Israel’s airstrikes have destroyed several of Gaza City’s tallest structures, alleging that they housed Hamas military infrastructure. Among them was the building that housed The Associated Press’s Gaza office as well as the offices of other media outlets.
The Associated Press executive editor, Sally Buzbee, has called for an independent investigation into the airstrike that destroyed the AP office on Saturday.
Netanyahu claimed that Hamas military intelligence was operating inside the building and promised that any evidence would be shared through intelligence channels on Sunday. Neither the White House nor the State Department would confirm whether any had been spotted.
“It’s a perfectly legitimate target,” Netanyahu told CBS’s “Face the Nation.”
Asked if he had provided any evidence of Hamas’ presence in the building in a call Saturday with US President Joe Biden, Netanyahu said: “We pass it through our intelligence people.”

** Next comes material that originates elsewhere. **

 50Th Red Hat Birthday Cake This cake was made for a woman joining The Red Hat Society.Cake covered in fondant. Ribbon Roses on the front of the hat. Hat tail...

Buzbee called for any such evidence to be laid out. “We are in a conflict situation,” Buzbee said. “We do not take sides in that conflict. We heard Israelis say they have evidence; we don’t know what that evidence is.”
Meanwhile, the media watchdog Reporters Without Borders asked the International Criminal Court on Sunday to look into Israel’s bombing of the AP building and other media buildings as a possible war crime.